# Trader Joe's Charcoal



## papabob (Dec 30, 2014)

Before getting my new MES 40, I did some pretty decent indirect smoking on my Char Grill using Trader Joe's charcoal.  It is basically hickory chips and hickory sawdust held together with starch as the binder.  It producer a very smooth hickory taste, burned very slow and lasted long time.  Easily smoked a 12 lb. turkey with only about 15-20 briquettes.  

My question is, "would there be a problem with using one of the briquettes in my MES instead of a handful of chips?"


----------



## daricksta (Dec 31, 2014)

There are some guys who say they pulverized charcoal briquettes and mixed them in with wood chips or pellets or something and a couple who've used one charcoal briquette in the wood chip holder (I believe). Their reason for adding charcoal was to try to create a smoke ring in meat cooked in an electric smoker, which on its own is just about a chemical impossibility. I don't care about smoke rings so I never out charcoal in my MES 30.
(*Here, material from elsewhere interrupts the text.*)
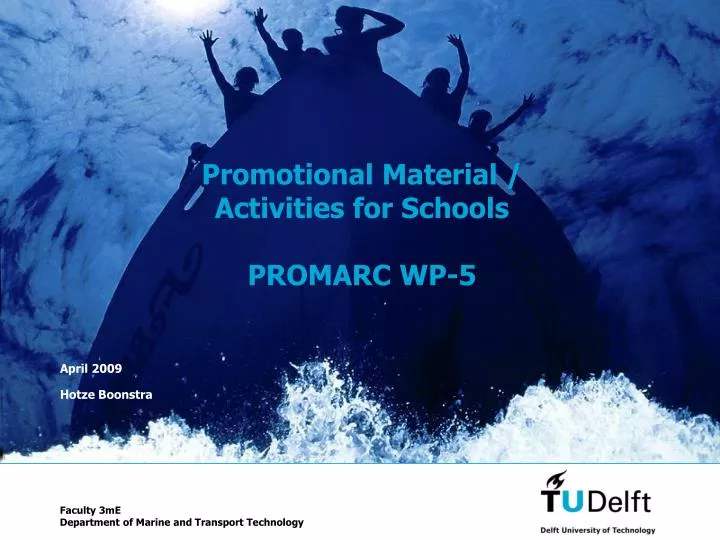 promotional material activities for schools promarc wp 5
You shouldn't need to ever use charcoal in an electric smoker to get a hickory flavor. You can easily buy hickory wood chips or pellets which work just fine. I only use wood pellets and I've got hickory, oak, pecan, apple, mesquite, and a mix of several woods. You can buy wood pellets and chips made in just about every wood "flavor" you can think of. Wood chips burn up very quickly but wood pellets provide hours of smoke if you set them up correctly. I use the A-MAZE-N Pellet Smoker and greatly enjoy it but there are other products out there.

You can try the charcoal briquette thing and see how it works out for you. Trader Joe's charcoal is really good stuff. I've got a Lowes closer to my home and I buy Stubbs charcoal there. It's outstanding without the additives and fillers Kingsford Blue contains and cheaper than Kingsford Competition. If Stubbs weren't available I'd be using TJ's.


----------